Three Greek states emerged from the ruin of the Roman Empire. A member of the Comnenian house had founded an independent state at Trebizond, and this empire survived till 1461, when it was conquered by the Ottomans. A relation of the Angeli maintained in Europe an independent Greek state known as the Despotate of Epirus. But the true representative of the imperial line was Theodore Lascaris, who collected the Byzantine aristocracy at Nicaea and was elected emperor in 1206. He and his successors advanced surely and rapidly against the Latin Empire, both in Europe and Asia. It was a question whether Constantinople would fall to the Walacho-Bulgarians or to the Greeks. But an astute diplomat and general, the emperor Michael Palaeologus, captured it in 1261. His object was to recover all the lost territory from the Latins, but he was menaced by a great danger through Charles of Anjou, who had overthrown the rule of the Hohenstaufens in the two Sicilies, and determined to restore the Latin kingdom of Romania. To avert this peril, Michael negotiated with Pope Gregory X.; he was ready to make every concession, and a formal union of the Churches was actually brought about at the council of Lyons in 1274. The emperor had the utmost difficulty in carrying through this policy in face of clerical opposition; it aroused disgust and bitterness among his subjects; and it was undone by his successor. Meanwhile the pope had with difficulty bridled Charles of Anjou; but in Martin IV. he found a more pliable instrument, and in 1282 he made vast preparations for an expedition against the Greek Empire. It was saved by the Sicilian Vespers (see Sicily), to be the prey of other powers.
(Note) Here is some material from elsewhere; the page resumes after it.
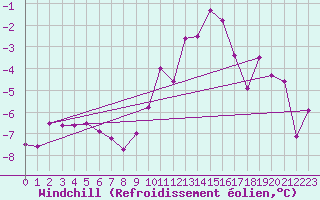 Courbe du refroidissement olien pour Marsens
The end of the 13th century saw the rise of the Ottoman power in Asia and the Servian in Europe. The Empire was assisted by a band of Spanish mercenaries (the Catalan Grand Company; see Greece, History, “Byzantine Period”) against the advance of the Ottoman Turks in Asia Minor; they distinguished themselves by saving Philadelphia (1304). In 1326 Brusa (Prusa) became the Ottoman capital, while on the other side the Servians (crushing the Bulgarians in 1330) were gradually closing in on Byzantium. Under Stephen Dusan (1331-1355) Servia attained the height of her power. The enemies were strengthened by the domestic struggles within the Empire, first between Andronicus II. and his son, then between John VI. and the usurper Cantacuzenus. But before the fate of Byzantium was settled the two enemies on its flanks came face to face. In 1387 the Servian power was crushed on the field of Kossovo by the Ottomans (who had crossed the Hellespont in 1360 and taken Philippopolis in 1363). Sultan Bayezid I. won Philadelphia, the last Asiatic possession of the Empire, and conquered Trnovo, the Bulgarian capital, in 1393. Constantinople was now surrounded. The Ottoman power was momentarily eclipsed, and the career of conquest checked, by the Mongol invasion of Timur and the great defeat which it sustained in the battle of Angora (1402). Mahommed I. found it necessary to ally himself with the emperor Manuel. But the pause was brief. Murad II. took Adrianople, and tried (1422) to take Constantinople.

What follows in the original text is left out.